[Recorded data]
------------------------
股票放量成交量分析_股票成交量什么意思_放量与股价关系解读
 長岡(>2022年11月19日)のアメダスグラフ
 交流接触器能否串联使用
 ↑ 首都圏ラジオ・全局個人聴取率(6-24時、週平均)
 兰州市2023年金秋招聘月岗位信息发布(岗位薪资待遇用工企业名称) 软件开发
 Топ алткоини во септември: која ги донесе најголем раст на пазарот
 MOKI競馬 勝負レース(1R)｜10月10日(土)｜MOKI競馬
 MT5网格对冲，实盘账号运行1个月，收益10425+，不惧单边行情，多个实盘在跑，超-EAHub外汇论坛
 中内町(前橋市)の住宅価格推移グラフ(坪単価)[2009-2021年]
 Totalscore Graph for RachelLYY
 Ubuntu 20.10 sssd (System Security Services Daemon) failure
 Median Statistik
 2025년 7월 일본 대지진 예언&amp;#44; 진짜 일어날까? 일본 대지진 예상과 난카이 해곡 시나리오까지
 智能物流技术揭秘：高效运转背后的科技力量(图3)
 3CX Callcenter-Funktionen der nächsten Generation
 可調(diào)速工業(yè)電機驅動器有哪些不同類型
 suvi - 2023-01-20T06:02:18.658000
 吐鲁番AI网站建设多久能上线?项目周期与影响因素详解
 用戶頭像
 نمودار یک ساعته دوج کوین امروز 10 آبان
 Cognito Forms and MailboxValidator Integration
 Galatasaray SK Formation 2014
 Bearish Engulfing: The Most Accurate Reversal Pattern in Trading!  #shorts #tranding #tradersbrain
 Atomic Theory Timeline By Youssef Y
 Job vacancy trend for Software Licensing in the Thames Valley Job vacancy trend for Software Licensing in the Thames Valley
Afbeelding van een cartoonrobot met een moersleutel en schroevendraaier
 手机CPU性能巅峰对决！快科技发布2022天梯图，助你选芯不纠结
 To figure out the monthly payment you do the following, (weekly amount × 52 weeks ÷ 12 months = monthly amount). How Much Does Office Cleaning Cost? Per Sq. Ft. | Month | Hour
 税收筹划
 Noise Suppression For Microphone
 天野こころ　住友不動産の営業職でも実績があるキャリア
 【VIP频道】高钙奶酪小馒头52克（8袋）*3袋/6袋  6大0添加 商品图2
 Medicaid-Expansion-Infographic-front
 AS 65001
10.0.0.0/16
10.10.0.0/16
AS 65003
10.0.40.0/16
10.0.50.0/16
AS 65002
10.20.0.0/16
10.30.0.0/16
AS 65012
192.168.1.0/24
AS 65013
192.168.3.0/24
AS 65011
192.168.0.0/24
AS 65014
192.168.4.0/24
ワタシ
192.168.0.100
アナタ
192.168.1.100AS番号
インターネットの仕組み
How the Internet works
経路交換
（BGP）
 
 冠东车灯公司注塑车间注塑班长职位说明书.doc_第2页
------------------------
All lines from the one containing "天野こころ　住友不動産の営業職でも実績があるキャリア" to the last line above should be reproduced exactly, and no other lines should be given.

**RESULT BELOW**
 天野こころ　住友不動産の営業職でも実績があるキャリア
 【VIP频道】高钙奶酪小馒头52克（8袋）*3袋/6袋  6大0添加 商品图2
 Medicaid-Expansion-Infographic-front
 AS 65001
10.0.0.0/16
10.10.0.0/16
AS 65003
10.0.40.0/16
10.0.50.0/16
AS 65002
10.20.0.0/16
10.30.0.0/16
AS 65012
192.168.1.0/24
AS 65013
192.168.3.0/24
AS 65011
192.168.0.0/24
AS 65014
192.168.4.0/24
ワタシ
192.168.0.100
アナタ
192.168.1.100AS番号
インターネットの仕組み
How the Internet works
経路交換
（BGP）
 
 冠东车灯公司注塑车间注塑班长职位说明书.doc_第2页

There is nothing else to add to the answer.